The power control unit may alternatively be a magnetic ballast, or an electronic ballast.

The controller may further include a memory storing the power-time characteristic, and a microprocessor for determining the power required at a given time from the power-time characteristic.

The timer may be an electronic clock with a non-volatile memory that accumulates and stores the total running time of the lamp.

According to another aspect, the present invention provides a system for operating one or more high intensity discharge (HID) lamps of a particular type and rating, and having a defined operating life, at a predetermined substantially constant luminous flux output, the system including:

wherein the master controller communicates a power to the slave controllers at a plurality of different times in the operating life of the HID lamps, the power determined according to a power-time characteristic developed using a test lamp of a similar type and rating to the HID lamps, the power-time characteristic for operating HID lamps of that type and rating at the predetermined luminous flux output.

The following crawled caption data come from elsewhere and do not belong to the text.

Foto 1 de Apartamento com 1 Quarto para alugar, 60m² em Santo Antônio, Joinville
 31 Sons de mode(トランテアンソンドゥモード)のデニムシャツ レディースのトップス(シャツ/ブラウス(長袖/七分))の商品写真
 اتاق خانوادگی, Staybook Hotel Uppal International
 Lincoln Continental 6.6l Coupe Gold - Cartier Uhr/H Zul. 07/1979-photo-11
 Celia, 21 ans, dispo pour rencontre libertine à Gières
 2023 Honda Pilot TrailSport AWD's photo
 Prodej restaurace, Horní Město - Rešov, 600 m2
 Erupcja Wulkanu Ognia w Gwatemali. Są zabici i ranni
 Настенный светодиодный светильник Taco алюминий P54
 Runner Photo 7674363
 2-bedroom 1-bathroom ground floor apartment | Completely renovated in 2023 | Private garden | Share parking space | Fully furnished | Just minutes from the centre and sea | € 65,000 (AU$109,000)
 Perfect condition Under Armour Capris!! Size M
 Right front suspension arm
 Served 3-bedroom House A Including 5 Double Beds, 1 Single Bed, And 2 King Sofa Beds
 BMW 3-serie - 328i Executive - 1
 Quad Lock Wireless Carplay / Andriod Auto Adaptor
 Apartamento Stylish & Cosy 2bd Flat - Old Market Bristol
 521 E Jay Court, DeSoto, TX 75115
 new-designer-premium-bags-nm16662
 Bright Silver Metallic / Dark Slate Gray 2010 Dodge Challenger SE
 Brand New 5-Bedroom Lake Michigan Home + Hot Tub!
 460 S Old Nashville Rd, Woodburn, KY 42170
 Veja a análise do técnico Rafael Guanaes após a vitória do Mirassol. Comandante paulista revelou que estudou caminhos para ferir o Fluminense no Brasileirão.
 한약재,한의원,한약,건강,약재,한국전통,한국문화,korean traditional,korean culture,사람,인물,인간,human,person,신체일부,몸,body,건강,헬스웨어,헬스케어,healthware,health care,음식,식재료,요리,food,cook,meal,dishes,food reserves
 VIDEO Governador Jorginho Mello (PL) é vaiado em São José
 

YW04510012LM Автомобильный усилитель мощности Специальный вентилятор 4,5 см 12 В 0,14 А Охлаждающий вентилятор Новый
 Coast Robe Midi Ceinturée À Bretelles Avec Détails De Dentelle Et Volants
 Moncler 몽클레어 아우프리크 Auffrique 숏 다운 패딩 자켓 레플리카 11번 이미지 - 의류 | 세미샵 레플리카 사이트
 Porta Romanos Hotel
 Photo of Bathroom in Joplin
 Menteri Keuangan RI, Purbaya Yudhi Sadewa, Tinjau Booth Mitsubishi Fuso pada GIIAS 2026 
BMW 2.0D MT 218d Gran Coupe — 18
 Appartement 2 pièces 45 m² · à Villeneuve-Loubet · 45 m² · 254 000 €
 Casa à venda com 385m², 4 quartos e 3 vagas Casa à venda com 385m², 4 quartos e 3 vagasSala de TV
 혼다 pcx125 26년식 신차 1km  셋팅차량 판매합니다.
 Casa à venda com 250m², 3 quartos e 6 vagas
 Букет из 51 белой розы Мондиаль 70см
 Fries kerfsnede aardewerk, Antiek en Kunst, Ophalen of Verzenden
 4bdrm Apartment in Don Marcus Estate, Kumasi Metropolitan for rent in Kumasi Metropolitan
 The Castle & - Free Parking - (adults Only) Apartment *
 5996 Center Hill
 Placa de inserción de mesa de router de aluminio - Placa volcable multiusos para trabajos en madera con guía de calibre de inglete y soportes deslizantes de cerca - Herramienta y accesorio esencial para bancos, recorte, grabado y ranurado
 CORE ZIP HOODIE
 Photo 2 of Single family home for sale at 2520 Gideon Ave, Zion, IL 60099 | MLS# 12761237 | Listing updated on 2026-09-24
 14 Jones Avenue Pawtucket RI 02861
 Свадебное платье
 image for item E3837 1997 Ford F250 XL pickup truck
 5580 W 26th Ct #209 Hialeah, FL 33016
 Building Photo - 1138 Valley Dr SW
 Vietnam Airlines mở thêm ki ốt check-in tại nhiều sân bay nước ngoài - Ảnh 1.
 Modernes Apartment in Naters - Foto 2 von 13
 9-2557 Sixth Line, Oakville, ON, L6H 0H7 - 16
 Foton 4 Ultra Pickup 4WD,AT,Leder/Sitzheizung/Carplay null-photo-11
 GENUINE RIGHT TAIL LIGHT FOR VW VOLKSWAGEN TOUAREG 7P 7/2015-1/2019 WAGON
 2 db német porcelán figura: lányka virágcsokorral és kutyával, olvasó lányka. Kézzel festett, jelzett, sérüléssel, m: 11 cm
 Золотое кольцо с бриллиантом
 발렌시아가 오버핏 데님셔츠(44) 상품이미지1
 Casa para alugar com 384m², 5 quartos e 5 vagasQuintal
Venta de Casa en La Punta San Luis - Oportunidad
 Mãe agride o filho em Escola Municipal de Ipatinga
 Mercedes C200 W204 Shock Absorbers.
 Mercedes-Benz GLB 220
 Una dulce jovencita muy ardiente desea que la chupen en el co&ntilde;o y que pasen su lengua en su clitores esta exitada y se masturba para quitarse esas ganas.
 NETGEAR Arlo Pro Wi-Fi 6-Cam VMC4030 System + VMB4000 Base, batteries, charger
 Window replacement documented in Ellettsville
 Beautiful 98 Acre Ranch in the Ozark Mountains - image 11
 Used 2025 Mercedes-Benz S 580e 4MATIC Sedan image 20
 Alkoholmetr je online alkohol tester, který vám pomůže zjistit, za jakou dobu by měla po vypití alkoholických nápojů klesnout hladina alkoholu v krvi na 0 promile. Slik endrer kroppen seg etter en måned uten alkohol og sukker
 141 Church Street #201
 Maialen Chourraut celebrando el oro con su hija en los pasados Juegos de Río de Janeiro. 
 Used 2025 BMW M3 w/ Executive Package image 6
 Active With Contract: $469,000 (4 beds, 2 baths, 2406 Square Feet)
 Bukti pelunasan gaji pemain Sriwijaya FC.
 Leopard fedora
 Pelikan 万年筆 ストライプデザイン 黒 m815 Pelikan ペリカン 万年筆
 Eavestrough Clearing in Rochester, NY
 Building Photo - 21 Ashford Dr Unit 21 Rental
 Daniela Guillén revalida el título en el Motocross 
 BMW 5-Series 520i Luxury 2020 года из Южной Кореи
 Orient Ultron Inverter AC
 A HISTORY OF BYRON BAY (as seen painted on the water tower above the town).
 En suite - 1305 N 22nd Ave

The master controller may include a memory storing the power-time characteristic, and a microprocessor for determining the power required at a given time from the power-time characteristic. If the power-time characteristic is stored as codes indicating the power required at specific operating times, the microprocessor determines the code corresponding to a given time, rather than the power required at the given time.

This information is then communicated to the slave controllers using the transmitter. The communication between the master and slave controllers may be wired, fibre optic, wireless or a combination of these types of communication links.

In the embodiment where codes are transmitted, the slave controller may include a memory storing the amount of power corresponding to codes in the power-time characteristic, and a microprocessor for determining the power required from a code. The slave controller can then run the lamp at the required power.

The master/slave controller system is suitable for situations where a series of lamps are illuminated simultaneously, for example, at a sports stadium. It reduces the cost of the lighting system, as the slave controllers do not need separate timers and memories to store the power-time characteristic.

For a better understanding of the invention and to show how it may be performed, embodiments of the present invention will now be described, by way of example only, with reference to the accompanying drawings.

FIG. 1 is a schematic block diagram of a controller and other components to operate a lamp.

FIG. 2 is a flow chart of a method for developing a power-time characteristic for operating lamps of a particular type and rating at a substantially constant luminous flux output.

FIG. 3 is a graph of a typical power-time characteristic for a 1500 W metal halide lamp.

FIG. 4 is a schematic block diagram of a master controller and slave controllers.

FIG. 5 is a table storing a power-time characteristic as power codes corresponding to different time intervals in the operating life of a lamp.

FIG. 6 is a table relating the power codes of FIG. 5 with actual amounts of current to be injected into the lamp.

FIG. 7 shows in more detail the components of a master controller for establishing a power-time characteristic.

FIG. 8 is a flow chart of a method for operating lamps using a master controller and slave controllers.

FIG. 9 is a flow chart of a method for operating lamps having different starting times.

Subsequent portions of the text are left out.